═════ Records provided

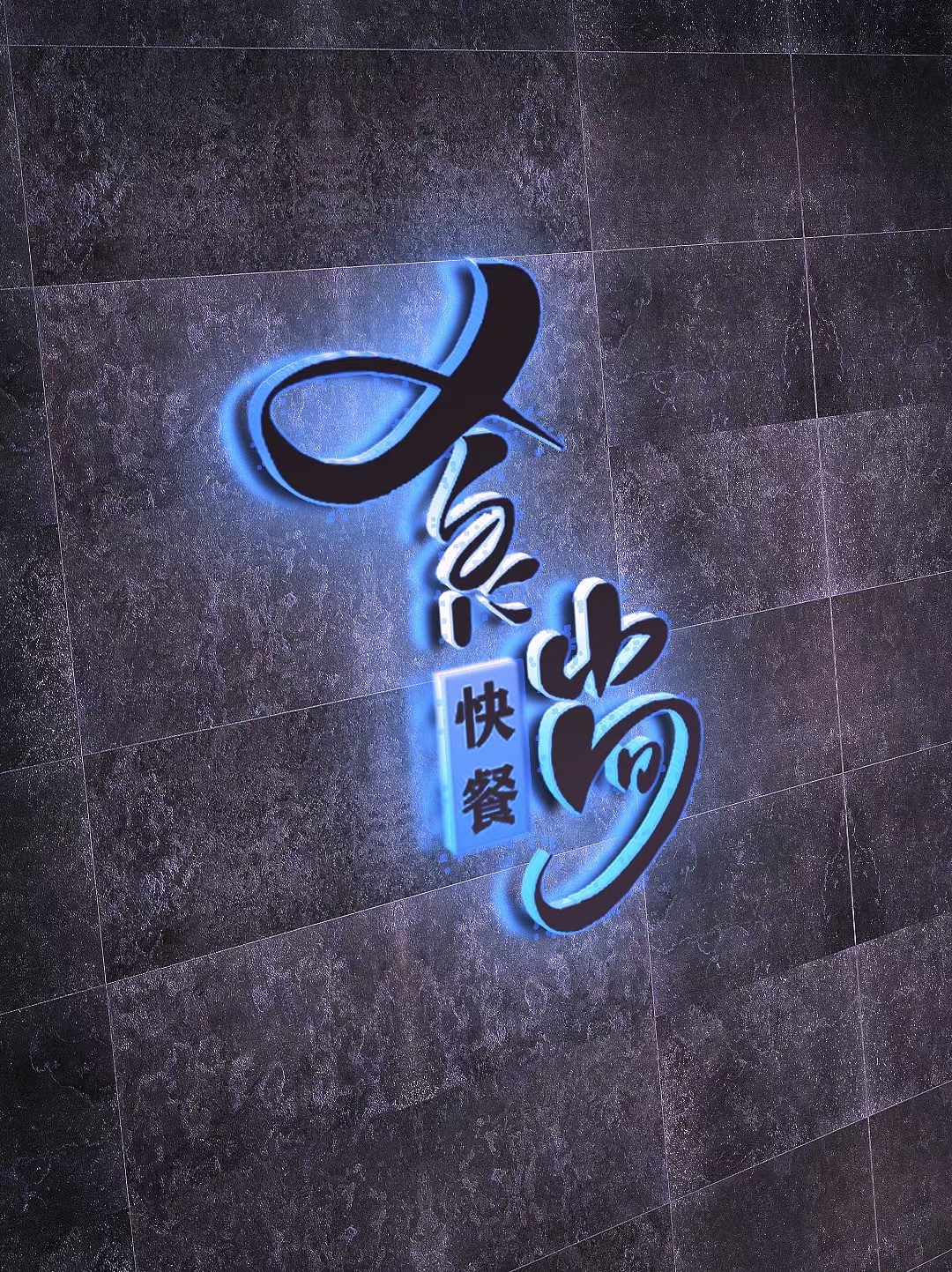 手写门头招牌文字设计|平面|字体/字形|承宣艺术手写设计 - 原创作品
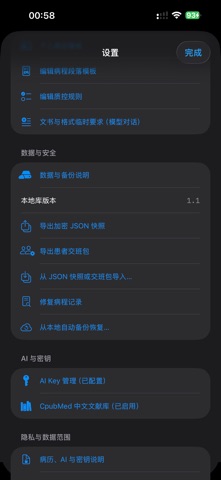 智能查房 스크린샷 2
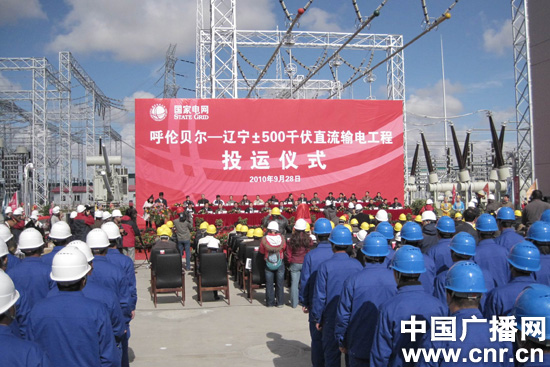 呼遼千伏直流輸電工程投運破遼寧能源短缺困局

══════════
═════ Records provided

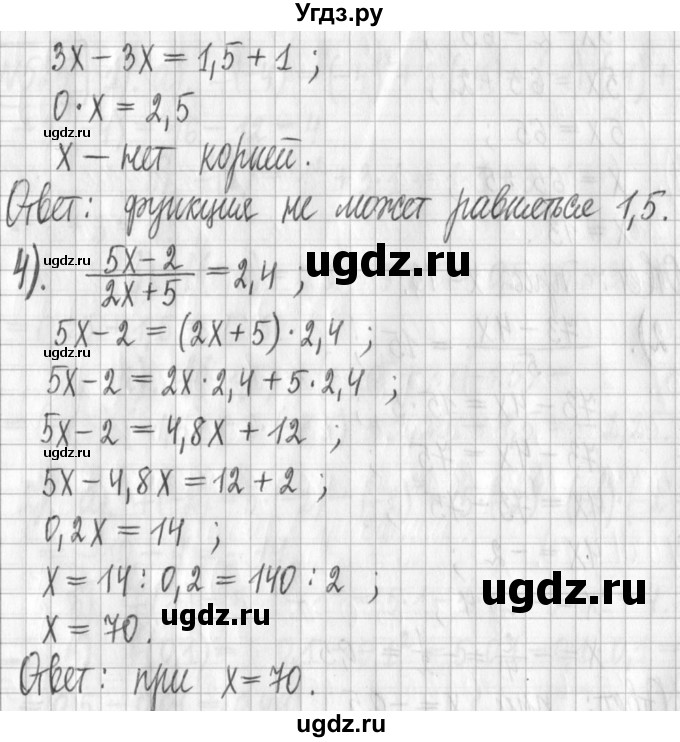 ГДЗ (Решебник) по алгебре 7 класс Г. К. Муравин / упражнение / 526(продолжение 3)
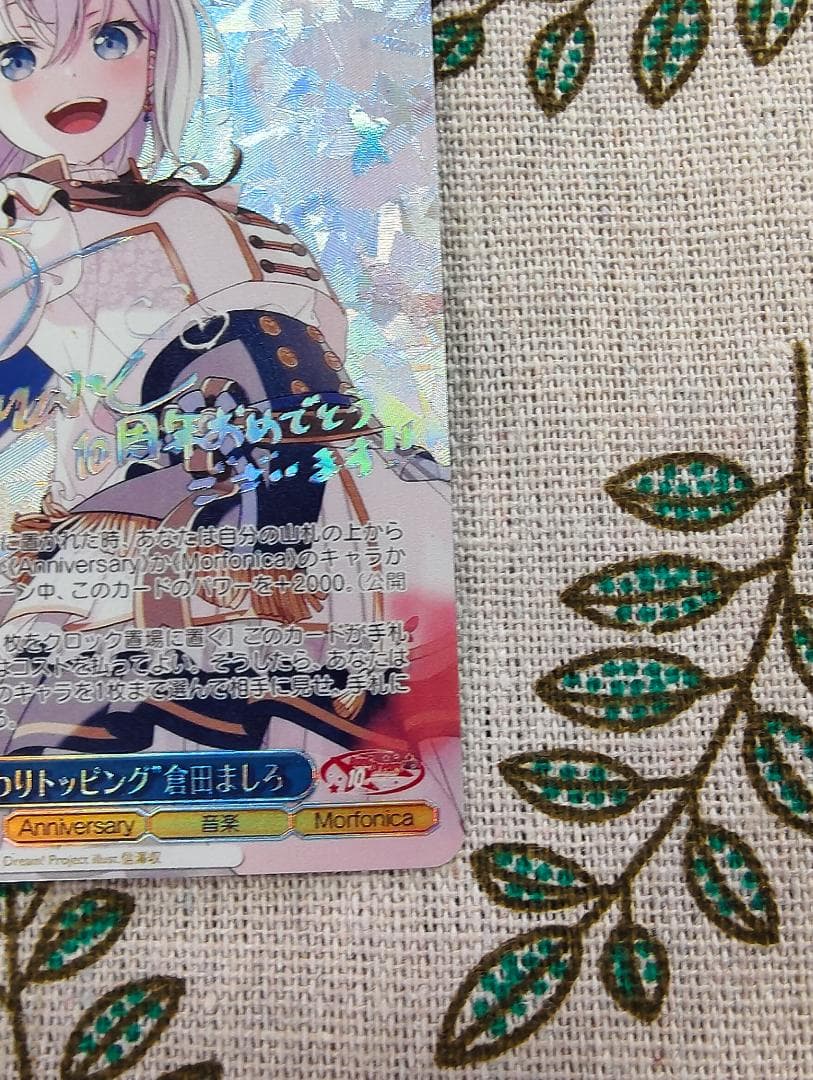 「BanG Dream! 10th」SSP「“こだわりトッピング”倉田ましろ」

══════════

Problem details: An exact transcription is needed of the lines from the one with "手写门头招牌文字设计|平面|字体/字形|承宣艺术手写设计 - 原创作品" to the one with "呼遼千伏直流輸電工程投運破遼寧能源短缺困局" above, both ends included, with pictures left out.

Solution to this problem:
 手写门头招牌文字设计|平面|字体/字形|承宣艺术手写设计 - 原创作品
 智能查房 스크린샷 2
 呼遼千伏直流輸電工程投運破遼寧能源短缺困局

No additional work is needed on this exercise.